Tuesday, October 22, 2019, 8:00 am, Room A214

As scaling conventional logic and memory devices becomes more and more challenging, there is a global search for novel materials and devices that can augment mainstream technologies used for data storage and processing. To this end, spintronic materials and devices are promising candidates as they provide dense non-volatile storing elements that enable novel computing paradigms such as in memory-computing and neural networks.

This talk will present physical models for various read and write spintronic mechanisms and quantifies the potential performances of Boolean circuits based on various spintronic logic devices. It will be shown that without major breakthroughs such circuits will not be able to compete with their CMOS counterparts. However, novel circuit paradigms that take advantage of the physics of these devices can potentially provide significant benefits.
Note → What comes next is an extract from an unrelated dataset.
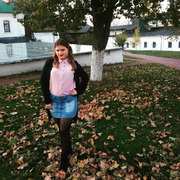 Ася 19 лет (Телец) Новгород Северский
For example, cellular neural networks based on spintronic devices are projected to perform better compared to their analog CMOS implementation.

While spin-transfer-torque random access memory (STT-RAM) is becoming commercially available, it suffers from relatively large switching currents that limits its density and causes reliability challenges. Novel read and write mechanisms such as spin-orbit torque or magneto-electric effects can potentially address or partially mitigate some of these challenges. In this talk, the array-level potential performance of various magnetic memory devices will be quantified and benchmarked.